Bahkan ketika program Seputar Indonesia sangat populer, Seputar Indonesia menjadi siara berita sebenarnya yang akhirnya ditiru oleh TVRI, meskipun ketika itu kata berita belum bisa digunakan. Padahal secara informal, program-program Seputar Indonesia adalah program berita, tapi secara formal itu bukan program berita.

Menjelang krisis moneter, masyarakat Indonesia pun semakin haus terhadap informasi dan berita. Masing-masing televisi swasta pun mulai berkompetisi untuk mendapatkan share dan rating tertinggi, karena semakin tinggi ratingnya, maka semakin mahal harga tayang iklannya.

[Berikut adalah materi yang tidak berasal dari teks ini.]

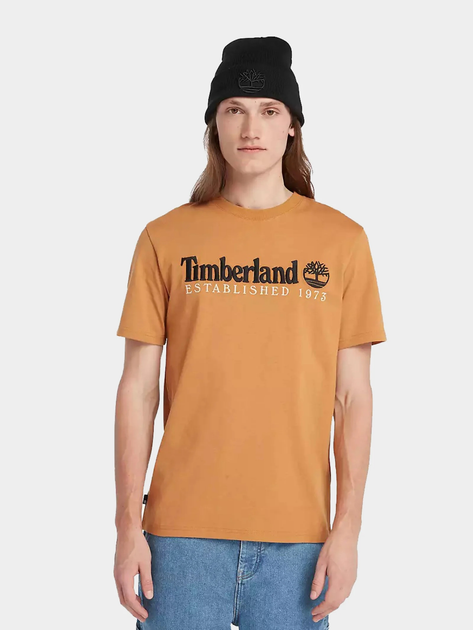 T-shirt męski bawełniany Timberland TB0A6SE1 XL Beżowy (194112902366) - obraz 1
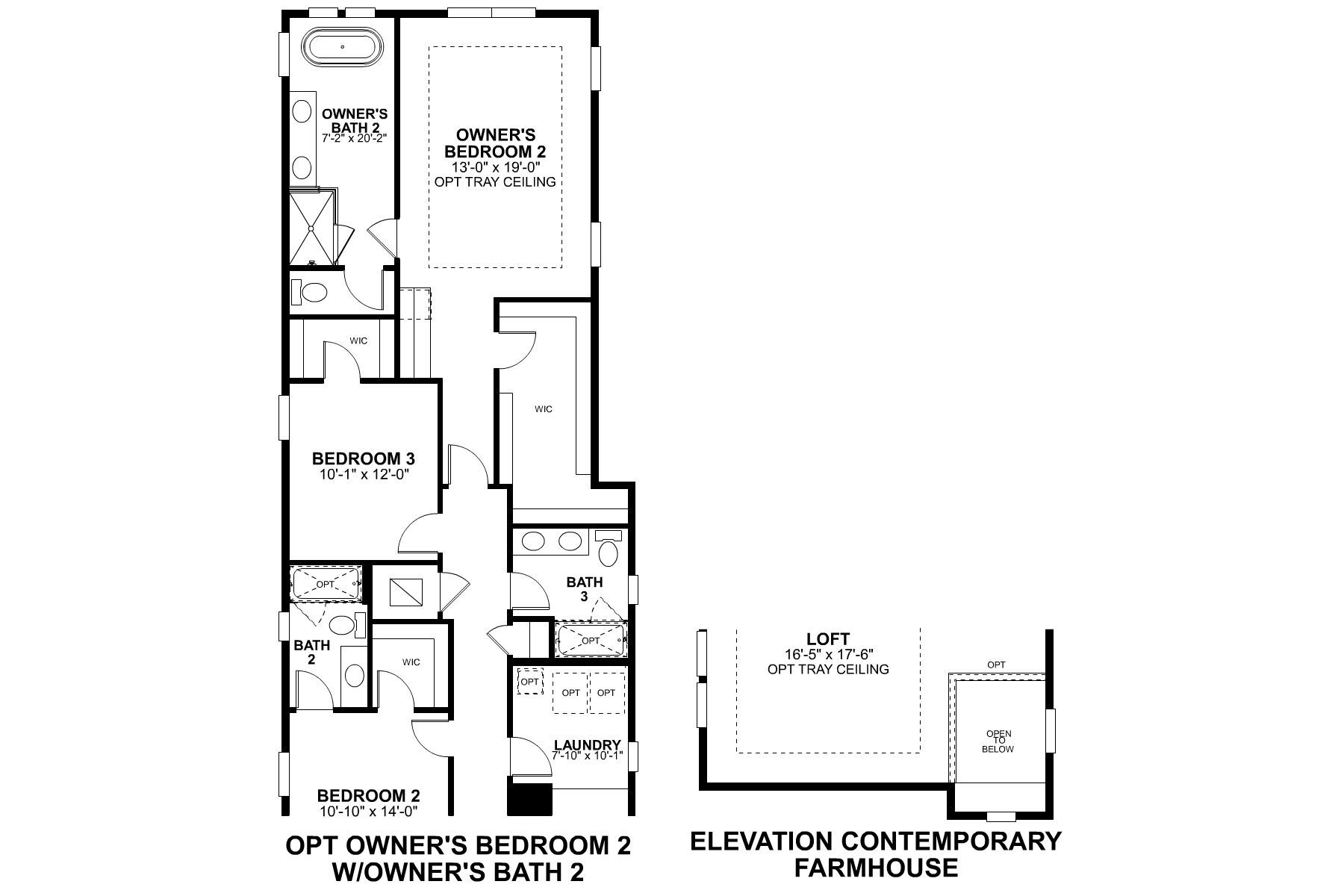 Bridgeport Second Floor Options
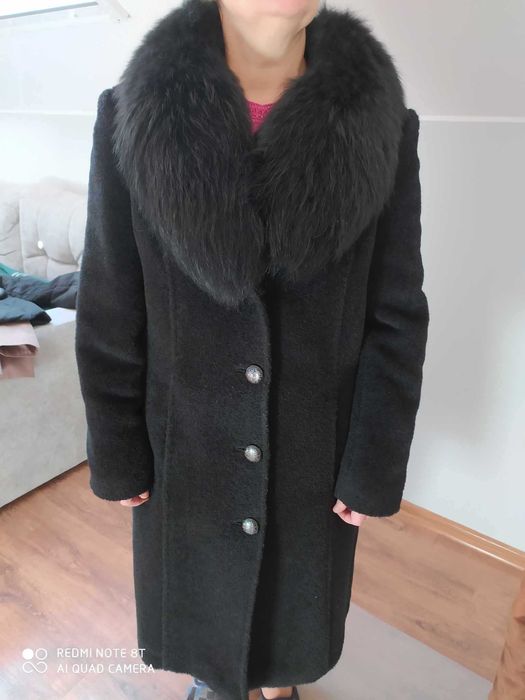 Wełniany długi płaszcz Fashion Studio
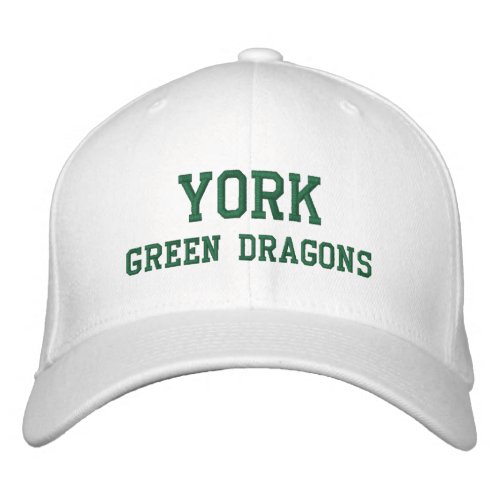 York Green Dragons 1962 Flexfit Embroidered Baseball Cap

Kemudian ketika krisis moneter masuk ke Indonesia pada tahun 1997 dan reformasi bulan Mei 1998, sebenarnya semua ini sangat dipengaruhi dengan perjalanan televisi di Indonesia, sehingga membuat Indonesia menjadi negara yang sangat demokratis.

Hal itu bisa terjadi, karena masyarakat sudah terbiasa dengan berita, sehingga upaya untuk melarang pemberitaan seperti penembakan mahasiswa, penjarahan yang akhirnya bermuara pada reformasi dan unjuk rasa terus menerus dilakukan, membuat orde baru terpaksa berakhir, dan Presiden Soeharto mundur dari jabatannya juga disiarkan di seluruh televisi.

“Pada sekejap mata, reformasi di Indonesia kran demokrasi pun dibuka. Dengan demokrasi ini, pers berbas-bebas sebebasnya, dan di sinilah dimulai perjalanan pers yang terbuka dan demokratis di Indonesia. Kebebasan berkespresi dan kebebasan bersuara,” ujarnya.

Dengan adanya demokrasi, masyarakat Indonesia haus terhadap politik, karena politik di zaman era orde baru tidak ada, hanya satu partai yang berkuasa, yaitu Golkar. Sedangkan partai lain hanya sebagai penggembira. Awal demokrasi, semua orang pun ingin berpolitik, semua orang ingin mendapatkan informasi berita.

Kemudian, lahirlah Metro TV, yaitu TV berita pertama. TV ini dibangun untuk merespons keinginan masyarakat terhadap hal-hal yang sifatnya berita dan kebanyakan berita itu sifatnya politik. Bahkan lebih dari 70 persen, programnya berita.